What is being asked:
The full set of entries below is to be returned unchanged.
:: Data for the task
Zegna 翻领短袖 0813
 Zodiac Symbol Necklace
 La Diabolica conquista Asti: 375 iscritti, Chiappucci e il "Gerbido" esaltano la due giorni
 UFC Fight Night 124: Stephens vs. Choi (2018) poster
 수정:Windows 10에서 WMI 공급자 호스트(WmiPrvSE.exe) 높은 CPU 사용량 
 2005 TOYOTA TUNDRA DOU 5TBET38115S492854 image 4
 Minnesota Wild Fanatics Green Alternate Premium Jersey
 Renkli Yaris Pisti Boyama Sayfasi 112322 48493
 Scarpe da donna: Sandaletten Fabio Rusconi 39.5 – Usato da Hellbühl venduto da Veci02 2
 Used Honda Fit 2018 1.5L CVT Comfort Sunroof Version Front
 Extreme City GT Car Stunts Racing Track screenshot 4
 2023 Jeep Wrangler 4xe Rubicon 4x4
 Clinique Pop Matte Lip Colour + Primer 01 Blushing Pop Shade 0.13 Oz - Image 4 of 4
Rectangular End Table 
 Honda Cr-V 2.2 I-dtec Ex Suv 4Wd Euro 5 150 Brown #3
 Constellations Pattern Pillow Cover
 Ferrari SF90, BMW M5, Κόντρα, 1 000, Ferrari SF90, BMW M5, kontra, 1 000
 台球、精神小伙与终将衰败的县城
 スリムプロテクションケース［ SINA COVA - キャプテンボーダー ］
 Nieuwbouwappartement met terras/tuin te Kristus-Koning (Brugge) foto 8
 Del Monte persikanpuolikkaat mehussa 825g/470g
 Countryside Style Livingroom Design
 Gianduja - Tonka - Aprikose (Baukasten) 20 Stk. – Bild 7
::::
Exercise result:
Zegna 翻领短袖 0813
 Zodiac Symbol Necklace
 La Diabolica conquista Asti: 375 iscritti, Chiappucci e il "Gerbido" esaltano la due giorni
 UFC Fight Night 124: Stephens vs. Choi (2018) poster
 수정:Windows 10에서 WMI 공급자 호스트(WmiPrvSE.exe) 높은 CPU 사용량 
 2005 TOYOTA TUNDRA DOU 5TBET38115S492854 image 4
 Minnesota Wild Fanatics Green Alternate Premium Jersey
 Renkli Yaris Pisti Boyama Sayfasi 112322 48493
 Scarpe da donna: Sandaletten Fabio Rusconi 39.5 – Usato da Hellbühl venduto da Veci02 2
 Used Honda Fit 2018 1.5L CVT Comfort Sunroof Version Front
 Extreme City GT Car Stunts Racing Track screenshot 4
 2023 Jeep Wrangler 4xe Rubicon 4x4
 Clinique Pop Matte Lip Colour + Primer 01 Blushing Pop Shade 0.13 Oz - Image 4 of 4
Rectangular End Table 
 Honda Cr-V 2.2 I-dtec Ex Suv 4Wd Euro 5 150 Brown #3
 Constellations Pattern Pillow Cover
 Ferrari SF90, BMW M5, Κόντρα, 1 000, Ferrari SF90, BMW M5, kontra, 1 000
 台球、精神小伙与终将衰败的县城
 スリムプロテクションケース［ SINA COVA - キャプテンボーダー ］
 Nieuwbouwappartement met terras/tuin te Kristus-Koning (Brugge) foto 8
 Del Monte persikanpuolikkaat mehussa 825g/470g
 Countryside Style Livingroom Design
 Gianduja - Tonka - Aprikose (Baukasten) 20 Stk. – Bild 7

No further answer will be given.